THE TASK
Among the records that follow, find the line with "Gebraucht Seat Altea" and the line with "thumbnail image 2". Set down those lines and all lines between them exactly, without adding anything.

DATA RECORDS
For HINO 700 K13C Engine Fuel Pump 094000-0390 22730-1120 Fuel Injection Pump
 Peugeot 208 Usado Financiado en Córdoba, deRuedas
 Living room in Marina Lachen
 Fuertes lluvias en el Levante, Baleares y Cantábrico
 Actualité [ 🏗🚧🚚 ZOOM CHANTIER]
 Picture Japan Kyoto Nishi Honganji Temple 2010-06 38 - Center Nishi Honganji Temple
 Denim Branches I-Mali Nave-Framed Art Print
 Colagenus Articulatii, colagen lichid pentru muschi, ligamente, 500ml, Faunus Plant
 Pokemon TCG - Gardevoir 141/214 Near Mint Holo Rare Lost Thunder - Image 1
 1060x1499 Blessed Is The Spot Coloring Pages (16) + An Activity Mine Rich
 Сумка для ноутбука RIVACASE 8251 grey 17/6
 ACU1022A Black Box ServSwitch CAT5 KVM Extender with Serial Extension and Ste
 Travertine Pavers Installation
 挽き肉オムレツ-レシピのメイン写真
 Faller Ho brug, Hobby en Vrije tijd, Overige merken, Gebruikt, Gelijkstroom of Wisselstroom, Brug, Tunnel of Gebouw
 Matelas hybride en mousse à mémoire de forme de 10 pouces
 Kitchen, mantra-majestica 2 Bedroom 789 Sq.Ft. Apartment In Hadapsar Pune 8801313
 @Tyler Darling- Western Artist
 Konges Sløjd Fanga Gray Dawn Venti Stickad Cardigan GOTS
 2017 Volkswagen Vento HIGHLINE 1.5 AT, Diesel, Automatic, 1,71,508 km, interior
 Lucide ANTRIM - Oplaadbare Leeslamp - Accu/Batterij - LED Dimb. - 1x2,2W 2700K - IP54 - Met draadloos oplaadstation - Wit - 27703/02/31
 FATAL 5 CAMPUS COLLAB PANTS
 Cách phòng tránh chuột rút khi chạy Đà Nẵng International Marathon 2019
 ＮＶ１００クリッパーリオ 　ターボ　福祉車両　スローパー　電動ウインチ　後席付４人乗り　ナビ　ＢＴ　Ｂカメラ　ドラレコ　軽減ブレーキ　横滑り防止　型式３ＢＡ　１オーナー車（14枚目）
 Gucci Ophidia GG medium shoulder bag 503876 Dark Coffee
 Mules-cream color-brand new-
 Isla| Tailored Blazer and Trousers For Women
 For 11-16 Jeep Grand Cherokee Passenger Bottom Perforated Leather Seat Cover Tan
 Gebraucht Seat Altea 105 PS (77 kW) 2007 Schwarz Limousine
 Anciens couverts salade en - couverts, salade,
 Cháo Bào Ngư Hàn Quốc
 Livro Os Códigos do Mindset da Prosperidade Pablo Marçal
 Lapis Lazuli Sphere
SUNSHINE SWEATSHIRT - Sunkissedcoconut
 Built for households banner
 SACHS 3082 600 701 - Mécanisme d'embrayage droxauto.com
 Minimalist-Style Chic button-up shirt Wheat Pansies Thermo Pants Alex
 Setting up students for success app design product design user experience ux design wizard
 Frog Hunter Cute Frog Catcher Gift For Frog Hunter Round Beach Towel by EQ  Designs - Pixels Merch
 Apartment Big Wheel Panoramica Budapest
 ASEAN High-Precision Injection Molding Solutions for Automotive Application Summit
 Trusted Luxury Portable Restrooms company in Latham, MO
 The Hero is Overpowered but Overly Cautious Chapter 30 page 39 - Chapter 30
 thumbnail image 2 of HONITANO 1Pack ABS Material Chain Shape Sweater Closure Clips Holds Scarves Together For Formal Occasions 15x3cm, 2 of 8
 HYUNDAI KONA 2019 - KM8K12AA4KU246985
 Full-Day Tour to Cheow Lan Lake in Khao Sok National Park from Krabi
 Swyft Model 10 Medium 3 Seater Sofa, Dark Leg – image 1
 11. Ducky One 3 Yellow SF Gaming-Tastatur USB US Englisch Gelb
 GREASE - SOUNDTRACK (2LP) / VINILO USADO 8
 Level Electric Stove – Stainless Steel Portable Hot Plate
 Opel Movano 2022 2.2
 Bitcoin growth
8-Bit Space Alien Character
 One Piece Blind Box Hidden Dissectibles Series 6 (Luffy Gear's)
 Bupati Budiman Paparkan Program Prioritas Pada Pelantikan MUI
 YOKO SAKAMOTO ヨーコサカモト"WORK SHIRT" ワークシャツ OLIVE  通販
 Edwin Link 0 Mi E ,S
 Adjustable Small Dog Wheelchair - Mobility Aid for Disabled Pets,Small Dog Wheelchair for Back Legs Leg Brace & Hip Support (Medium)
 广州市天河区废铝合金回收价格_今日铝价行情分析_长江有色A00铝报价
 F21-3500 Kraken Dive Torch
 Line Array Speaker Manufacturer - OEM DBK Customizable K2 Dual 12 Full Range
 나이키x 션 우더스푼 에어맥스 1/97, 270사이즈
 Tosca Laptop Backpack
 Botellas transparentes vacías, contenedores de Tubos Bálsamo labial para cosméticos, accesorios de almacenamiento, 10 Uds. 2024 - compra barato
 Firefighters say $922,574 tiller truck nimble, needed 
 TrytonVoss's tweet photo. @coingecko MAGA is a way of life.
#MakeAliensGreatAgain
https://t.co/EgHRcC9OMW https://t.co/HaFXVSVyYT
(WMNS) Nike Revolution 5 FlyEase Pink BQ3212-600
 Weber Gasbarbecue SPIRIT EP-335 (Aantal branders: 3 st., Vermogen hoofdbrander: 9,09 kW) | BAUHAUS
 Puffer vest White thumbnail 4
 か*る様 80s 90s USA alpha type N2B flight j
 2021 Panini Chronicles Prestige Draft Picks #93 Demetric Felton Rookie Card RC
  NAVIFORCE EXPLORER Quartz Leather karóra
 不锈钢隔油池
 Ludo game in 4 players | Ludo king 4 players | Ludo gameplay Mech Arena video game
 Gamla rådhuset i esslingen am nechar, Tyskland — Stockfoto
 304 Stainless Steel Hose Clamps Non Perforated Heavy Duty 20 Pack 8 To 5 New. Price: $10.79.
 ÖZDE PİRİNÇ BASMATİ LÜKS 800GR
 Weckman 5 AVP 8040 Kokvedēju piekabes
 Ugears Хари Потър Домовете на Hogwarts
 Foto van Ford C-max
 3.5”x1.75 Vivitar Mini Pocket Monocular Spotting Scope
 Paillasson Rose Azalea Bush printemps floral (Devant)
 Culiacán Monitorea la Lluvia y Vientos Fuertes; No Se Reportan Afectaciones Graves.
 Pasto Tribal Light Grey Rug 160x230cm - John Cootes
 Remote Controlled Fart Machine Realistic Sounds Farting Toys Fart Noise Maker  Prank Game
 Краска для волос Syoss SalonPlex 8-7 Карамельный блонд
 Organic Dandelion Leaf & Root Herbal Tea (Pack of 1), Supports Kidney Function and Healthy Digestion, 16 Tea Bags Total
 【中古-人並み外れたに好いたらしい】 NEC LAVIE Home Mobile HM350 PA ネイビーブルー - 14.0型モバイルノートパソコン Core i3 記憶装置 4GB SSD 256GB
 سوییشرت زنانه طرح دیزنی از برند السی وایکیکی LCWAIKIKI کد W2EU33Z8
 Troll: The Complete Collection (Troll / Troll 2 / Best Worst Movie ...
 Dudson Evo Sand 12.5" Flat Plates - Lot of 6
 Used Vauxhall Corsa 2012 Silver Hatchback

PROBLEM SOLUTION
 Gebraucht Seat Altea 105 PS (77 kW) 2007 Schwarz Limousine
 Anciens couverts salade en - couverts, salade,
 Cháo Bào Ngư Hàn Quốc
 Livro Os Códigos do Mindset da Prosperidade Pablo Marçal
 Lapis Lazuli Sphere
SUNSHINE SWEATSHIRT - Sunkissedcoconut
 Built for households banner
 SACHS 3082 600 701 - Mécanisme d'embrayage droxauto.com
 Minimalist-Style Chic button-up shirt Wheat Pansies Thermo Pants Alex
 Setting up students for success app design product design user experience ux design wizard
 Frog Hunter Cute Frog Catcher Gift For Frog Hunter Round Beach Towel by EQ  Designs - Pixels Merch
 Apartment Big Wheel Panoramica Budapest
 ASEAN High-Precision Injection Molding Solutions for Automotive Application Summit
 Trusted Luxury Portable Restrooms company in Latham, MO
 The Hero is Overpowered but Overly Cautious Chapter 30 page 39 - Chapter 30
 thumbnail image 2 of HONITANO 1Pack ABS Material Chain Shape Sweater Closure Clips Holds Scarves Together For Formal Occasions 15x3cm, 2 of 8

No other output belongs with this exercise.